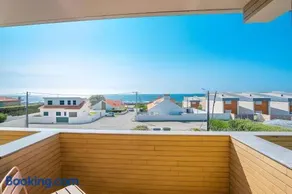 T3 Moledo Com Piscina e Vista Mar - Image 1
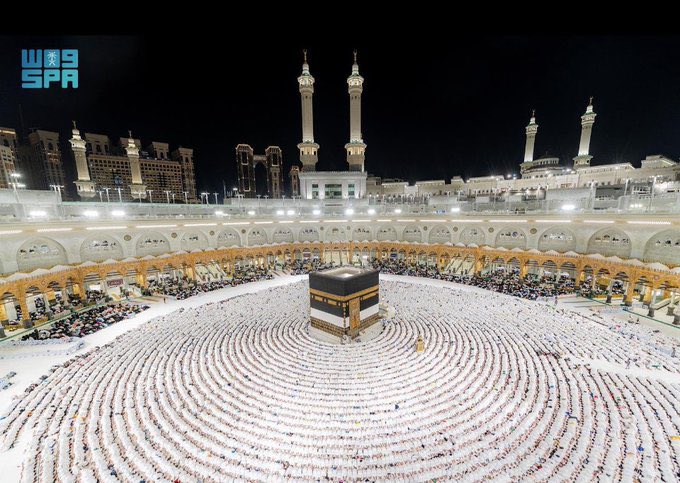 #حجاج_بيت_الله_الحرام في
#يسر_وطمأنينة 

يؤدون مناسك ##حج_1446 وبينه وبين #حج_1436مائة عام

نقلة تاريخية إيمانية لخدمة #بيت_الله_الحرام
يتسابق فيه ملوك البلاد العظام من عهد المؤسس #الملك_عبدالعزيز رحمه الله إلى عهد #خادم_الحرمين_الشريفين_الملك_سلمان_بن_عبدالعزيز وولي عهده الأمين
--------------------------------------------------
_WHAT YOU ARE ASKED TO DO_
Repeat exactly the lines from the first line of the records above through the line containing "نقلة تاريخية إيمانية لخدمة #بيت_الله_الحرام", leaving out the pictures.

_TASK RESPONSE_
 T3 Moledo Com Piscina e Vista Mar - Image 1
 #حجاج_بيت_الله_الحرام في
#يسر_وطمأنينة 

يؤدون مناسك ##حج_1446 وبينه وبين #حج_1436مائة عام

نقلة تاريخية إيمانية لخدمة #بيت_الله_الحرام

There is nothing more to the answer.